* _BRIEF_: In the records below, the lines between the one holding "You'll start from" and the one holding "In drop-wise condensation, the", inclusive, are to be transcribed exactly; no pictures are to be included.

Items from a data source
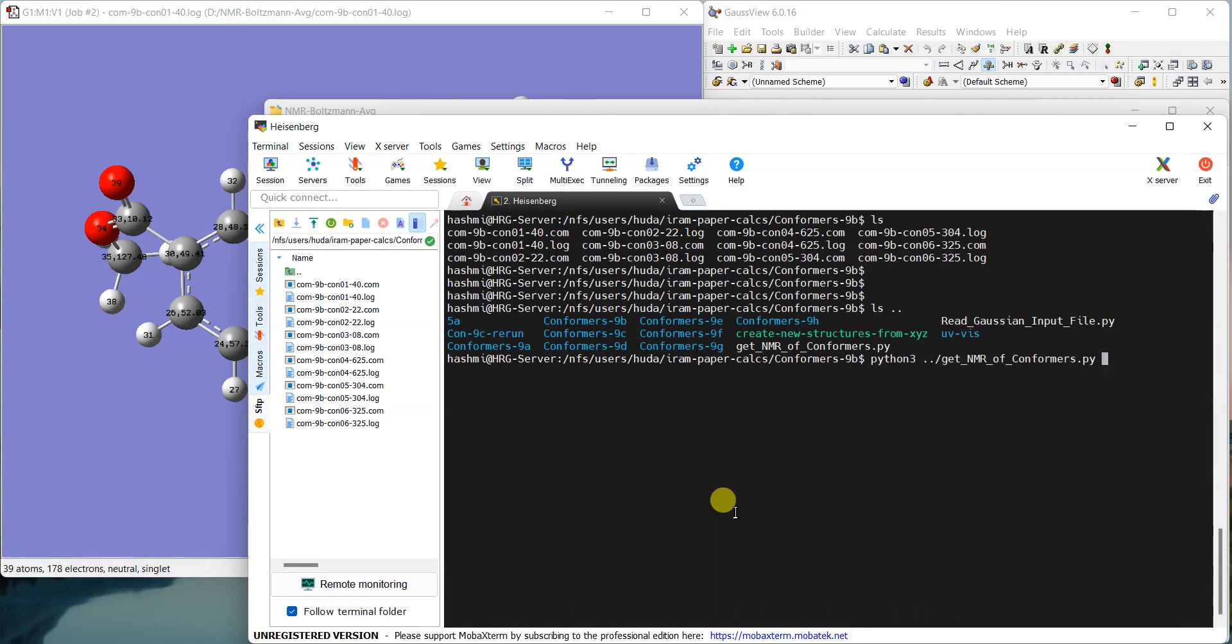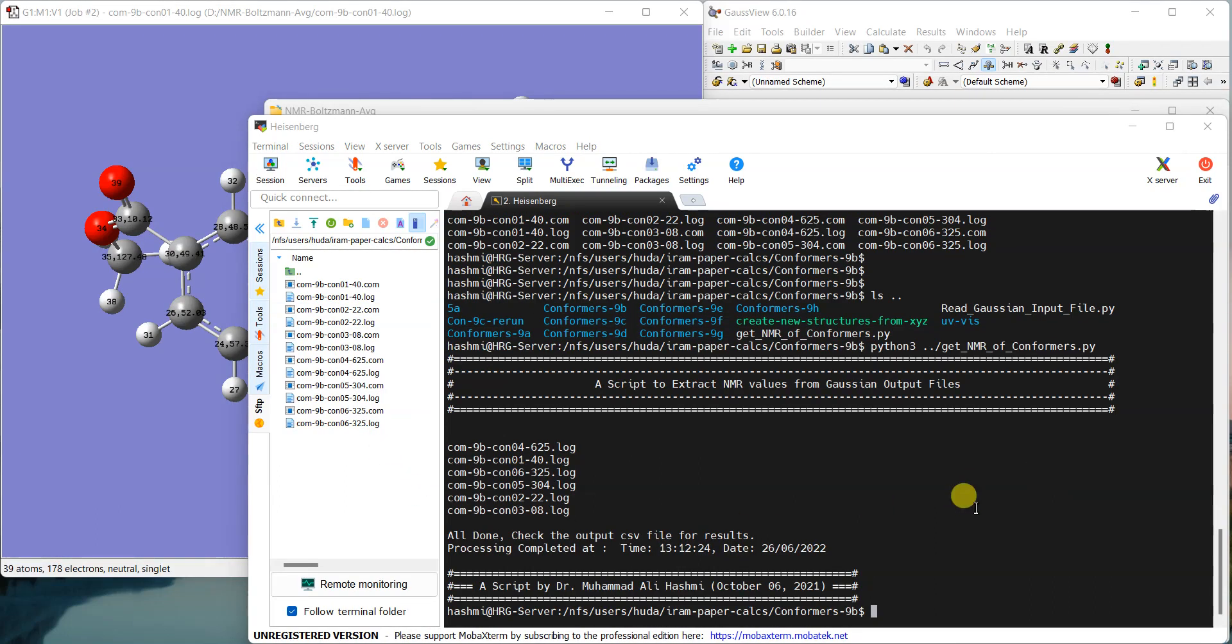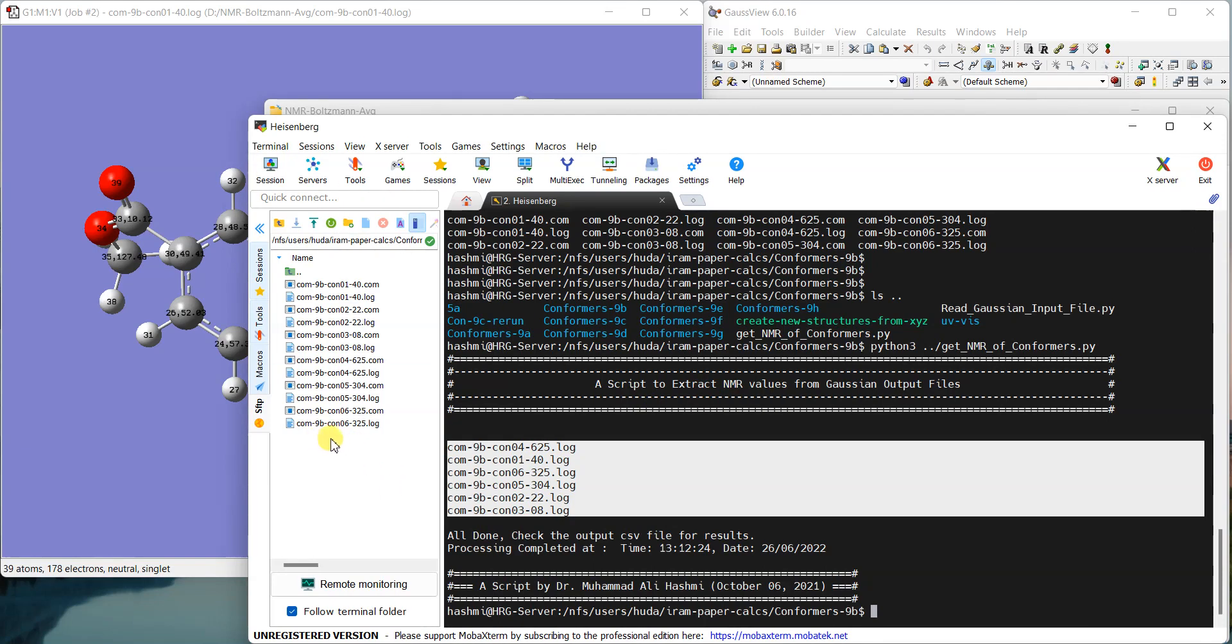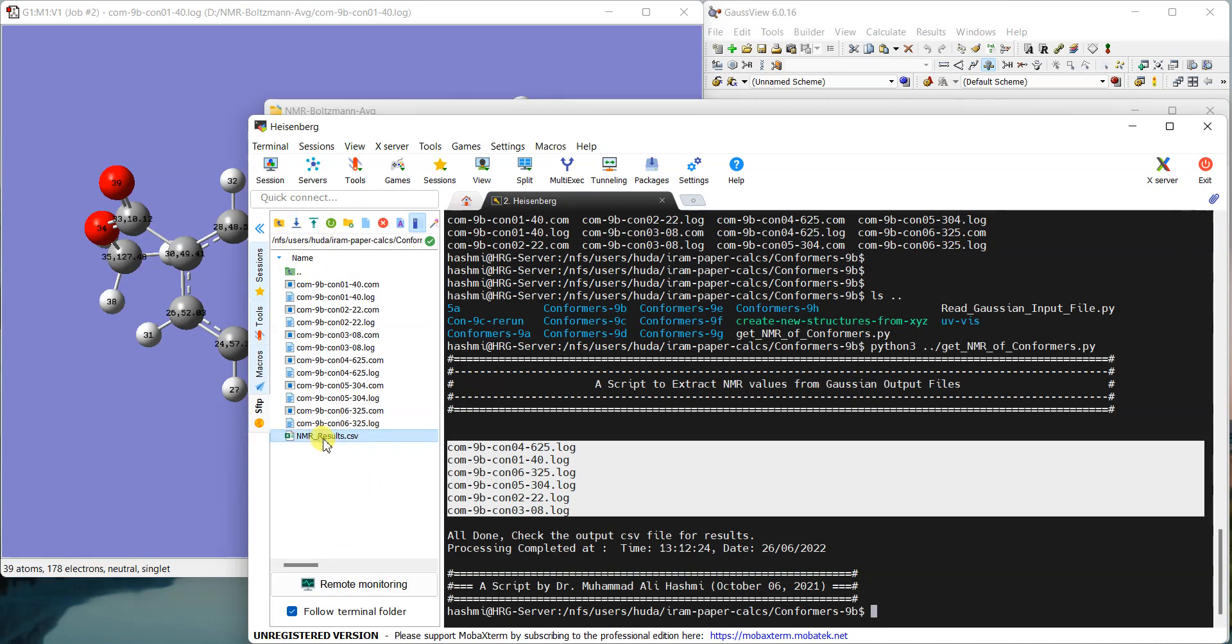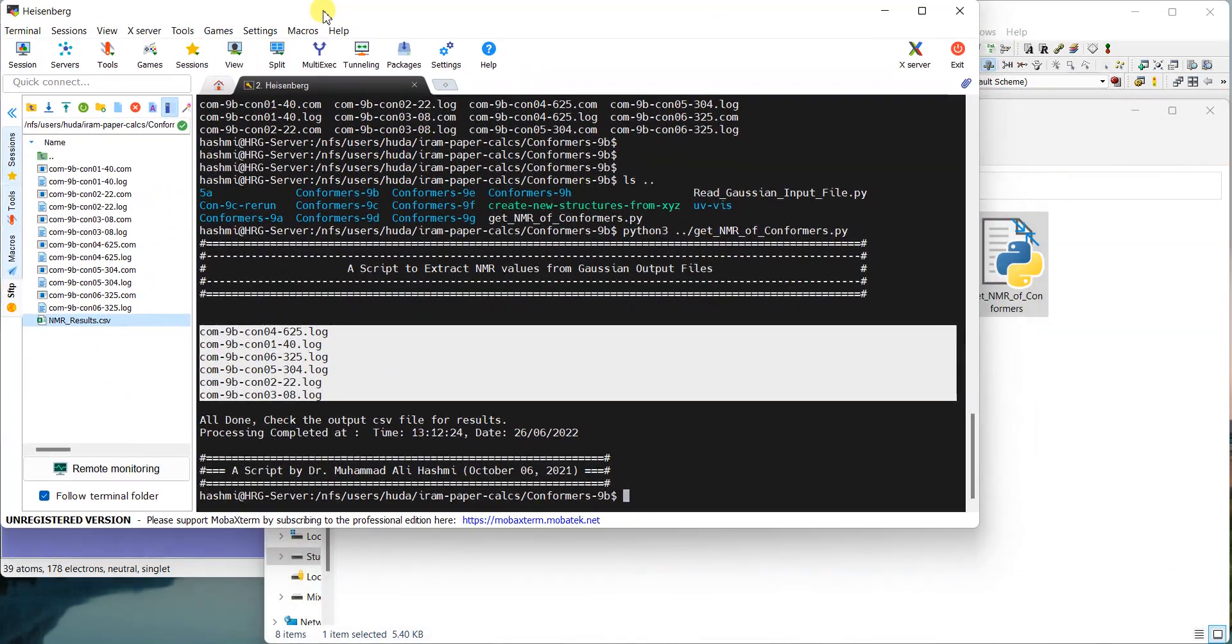If I run it, it will just go through all the log files and give me the summary at the end. You can see that it has given me the summary that it has gone through these files and all the work is done you have asked it to do. Now if I refresh it, you can see that a file will appear here. Yeah, this is the one—NMR results.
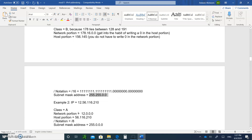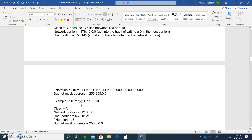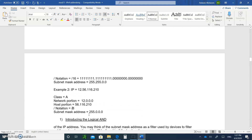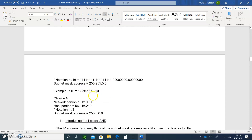We'll get back to that. For now, Class A is a slash 8, because the first 8 bits is the network address. I'm going to stop right here, and on the next video we'll continue with the logical AND to see how the router uses the mask to figure out the network portion of the IP. Write everything I asked you to write, and I'll see you on the next video.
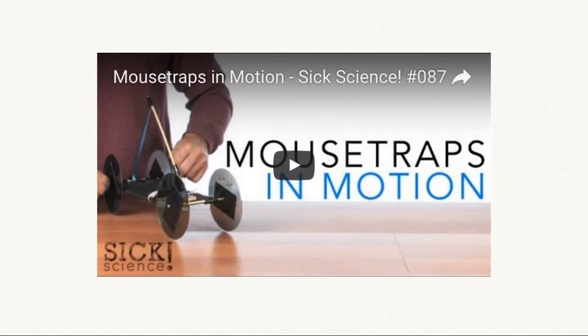Not knowing what mousetrap cars look like, he checked a number of YouTube videos to see how others made them. It is hard to know what is possible without any good models. Once you see how others did it, you may start to have ideas and confidence.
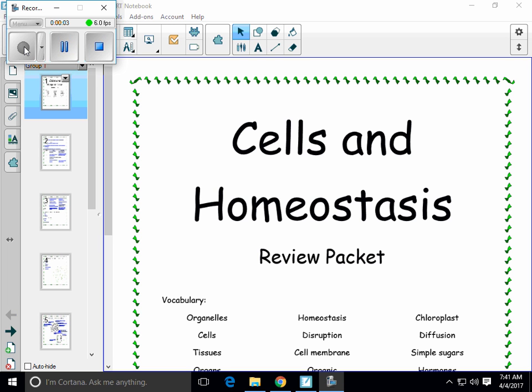Hey guys, Mrs. Rowan here. The purpose of this video is to help you review the key concepts from the unit on homeostasis. Please have the note packet and a pen or pencil ready to go because you are going to be filling in information as I explain it. Feel free to pause the video if I get going too fast and you need time to catch up. Let's get started.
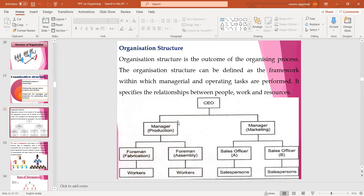The CEO has two lines of authority: Production Manager, who is responsible for all production work, and Marketing Manager. Under Production Manager - in Taylor's functional foremanship we have studied the foreman - under foreman there are workers. The Marketing Manager, who is the head of the marketing department, is responsible for all sales and marketing activities. Under him there are sales officers - there may be two, four, five, or ten depending on the size of the organization - then salesmen, also known as sales executives. The principle of scalar chain will be followed in every step.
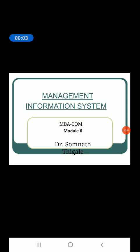Good morning class, welcome to chapter 6 — module 6 from a management information system perspective. We are going to see many things to understand the concept of management, the role of information systems in management perspectives, and the different types of information systems like TPS, MIS, OAS, DSS, ESS, ES, and KWS, and how these systems will be useful from management perspectives for taking decisions.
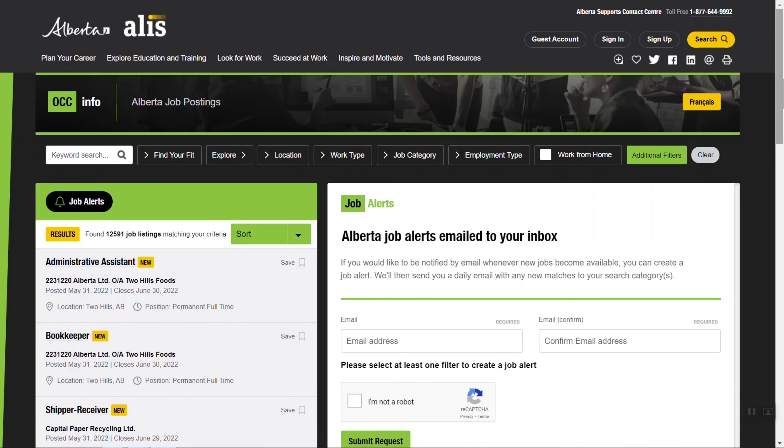You'll start from Alberta job postings. If you don't know how to get here, watch our video, How to Browse Job Postings.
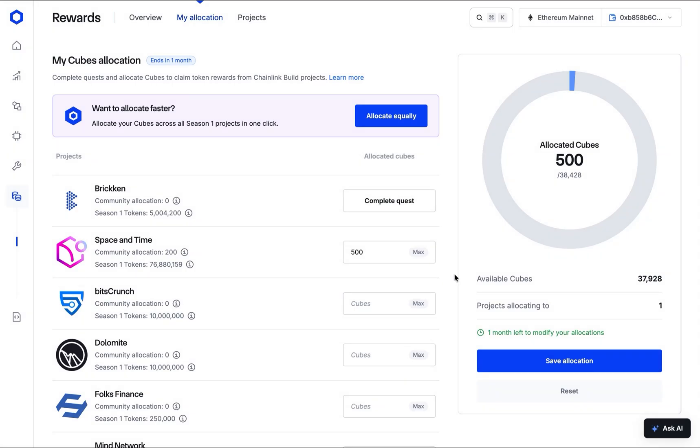A crucial point to remember is that you can change your allocations at any time up until the allocation period ending. Return to this page and modify your amounts as many times as you'd like before the deadline.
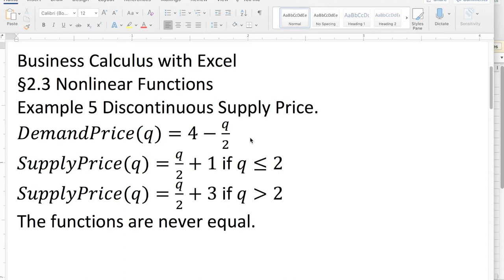This morning we're looking at example 5, discontinuous supply price, out of section 2.3, nonlinear functions.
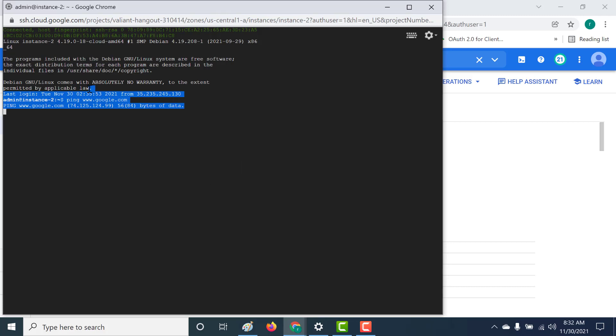That is how you can use your tags not only for your firewall but also for your routes. Please try this out on your own and if you have any issues do not hesitate to get in touch. I'll see you in the next chapter.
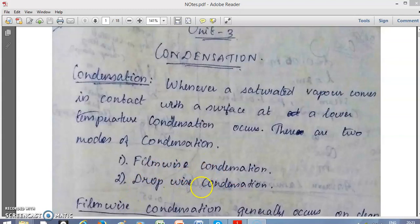In drop-wise condensation, the condensate forms random droplets that fall over the surface. You can observe this in AC ducts and air conditioning systems — the condenser unit shows droplets of water coming out. That is a condensation process happening in a drop-wise manner.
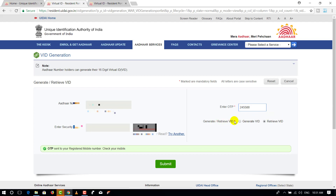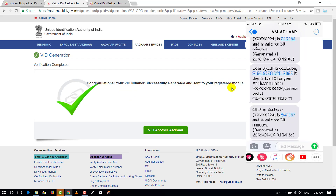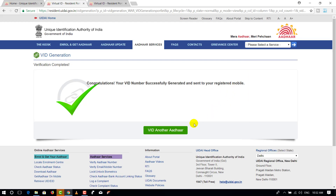After entering the OTP, press the submit button. Congratulations — your VID number has been successfully generated and sent to your registered mobile number. The mobile number is registered and you will receive the 16-digit VID.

* _SOLUTION TO THIS EXERCISE_:
You'll start from Alberta job postings. If you don't know how to get here, watch our video, How to Browse Job Postings.
A crucial point to remember is that you can change your allocations at any time up until the allocation period ending. Return to this page and modify your amounts as many times as you'd like before the deadline.
This morning we're looking at example 5, discontinuous supply price, out of section 2.3, nonlinear functions.
That is how you can use your tags not only for your firewall but also for your routes. Please try this out on your own and if you have any issues do not hesitate to get in touch. I'll see you in the next chapter.
In drop-wise condensation, the condensate forms random droplets that fall over the surface. You can observe this in AC ducts and air conditioning systems — the condenser unit shows droplets of water coming out. That is a condensation process happening in a drop-wise manner.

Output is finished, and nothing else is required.